** EXTRACTED MATERIAL **

###

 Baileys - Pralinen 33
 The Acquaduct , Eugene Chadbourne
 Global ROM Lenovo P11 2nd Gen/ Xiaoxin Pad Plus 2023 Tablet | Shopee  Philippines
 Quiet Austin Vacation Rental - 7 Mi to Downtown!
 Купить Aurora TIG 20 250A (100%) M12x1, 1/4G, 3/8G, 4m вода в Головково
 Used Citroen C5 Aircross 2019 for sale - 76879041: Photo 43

###

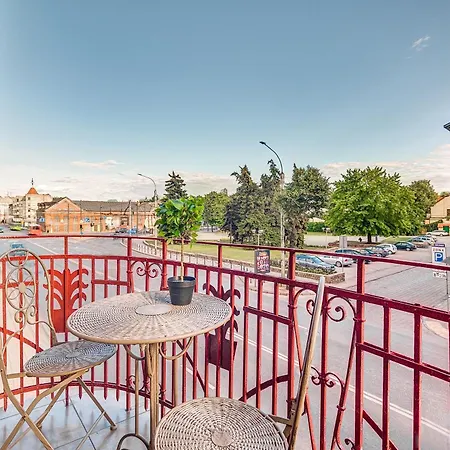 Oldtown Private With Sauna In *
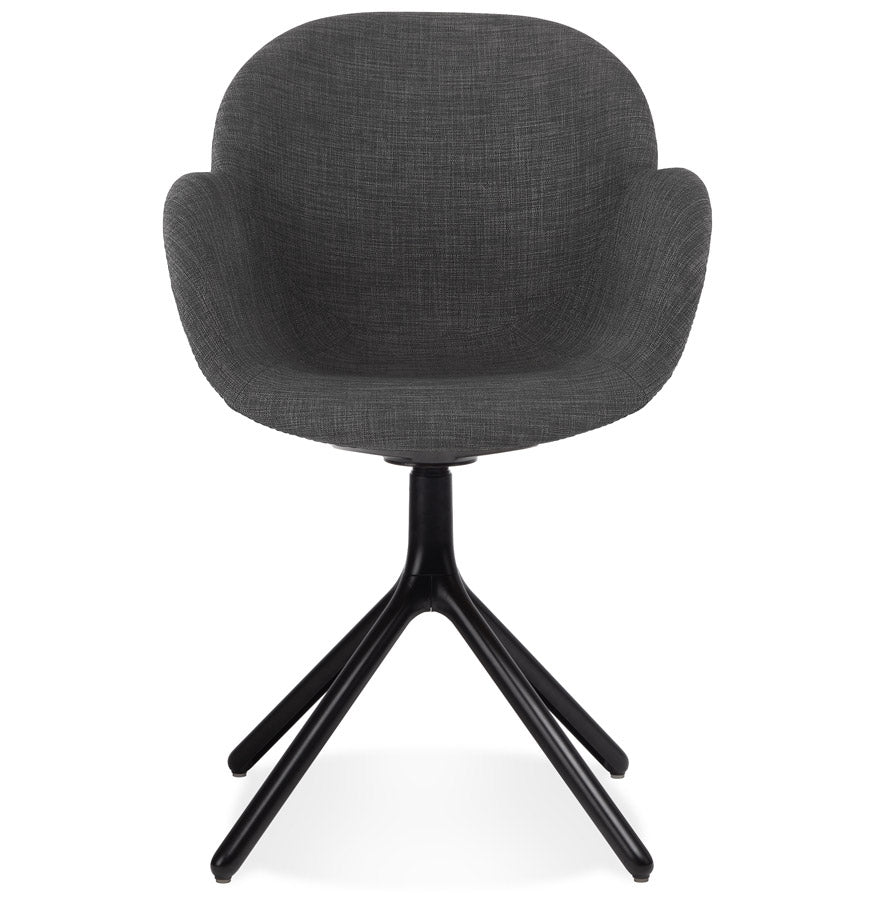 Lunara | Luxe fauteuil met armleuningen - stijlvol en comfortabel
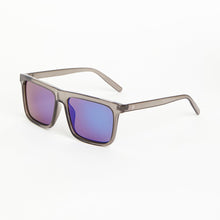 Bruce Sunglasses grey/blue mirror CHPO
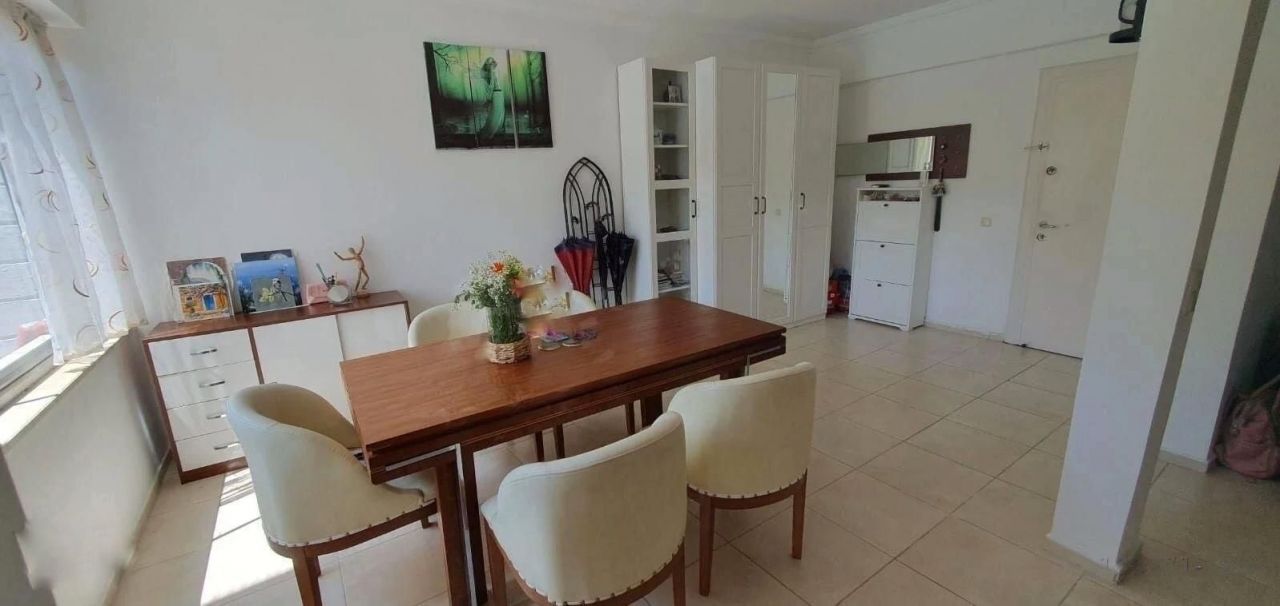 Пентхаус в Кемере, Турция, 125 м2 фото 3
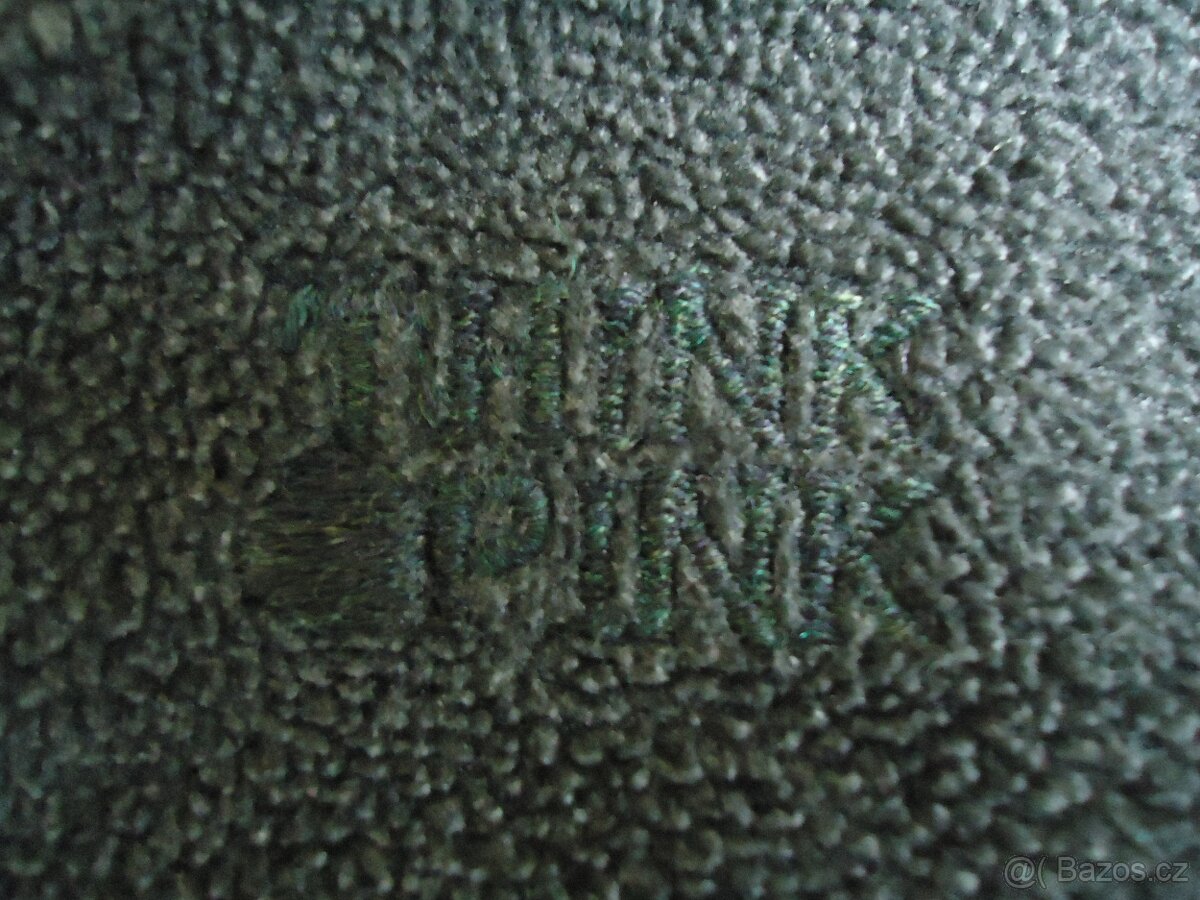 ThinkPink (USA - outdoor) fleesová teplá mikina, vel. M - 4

###

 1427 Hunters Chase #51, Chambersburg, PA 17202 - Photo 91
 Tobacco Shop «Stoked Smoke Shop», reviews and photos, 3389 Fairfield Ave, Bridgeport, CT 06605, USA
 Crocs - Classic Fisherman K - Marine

###

** TASK **
Taking the entries above, write out exactly each line from the one holding "Baileys - Pralinen 33" to the one holding "Used Citroen C5", both included, and stop there.

** RESPONSE TO THE TASK **
 Baileys - Pralinen 33
 The Acquaduct , Eugene Chadbourne
 Global ROM Lenovo P11 2nd Gen/ Xiaoxin Pad Plus 2023 Tablet | Shopee  Philippines
 Quiet Austin Vacation Rental - 7 Mi to Downtown!
 Купить Aurora TIG 20 250A (100%) M12x1, 1/4G, 3/8G, 4m вода в Головково
 Used Citroen C5 Aircross 2019 for sale - 76879041: Photo 43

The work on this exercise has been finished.